◆ What you will do
Transcribe exactly, and without pictures, the lines from the one that contains "Pantalones Cortos de" through the last line of the material.

◆ Given data
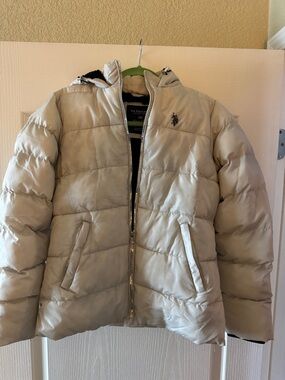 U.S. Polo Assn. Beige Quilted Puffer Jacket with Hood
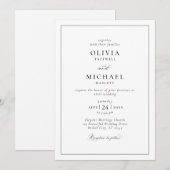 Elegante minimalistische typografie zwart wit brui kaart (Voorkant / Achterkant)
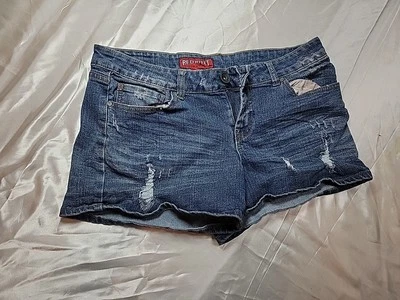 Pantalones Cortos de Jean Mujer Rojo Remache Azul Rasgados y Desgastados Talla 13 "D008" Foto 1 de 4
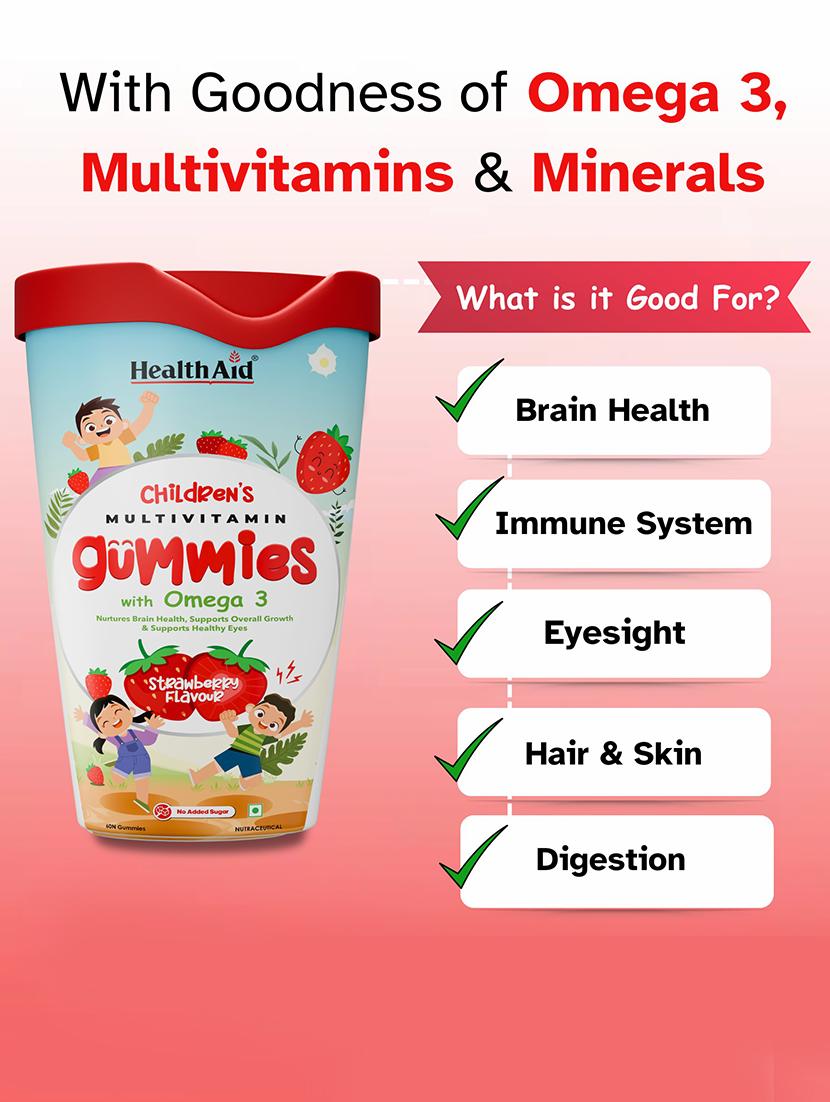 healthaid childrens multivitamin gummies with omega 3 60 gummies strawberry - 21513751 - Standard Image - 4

◆ Finished exercise
 Pantalones Cortos de Jean Mujer Rojo Remache Azul Rasgados y Desgastados Talla 13 "D008" Foto 1 de 4
 healthaid childrens multivitamin gummies with omega 3 60 gummies strawberry - 21513751 - Standard Image - 4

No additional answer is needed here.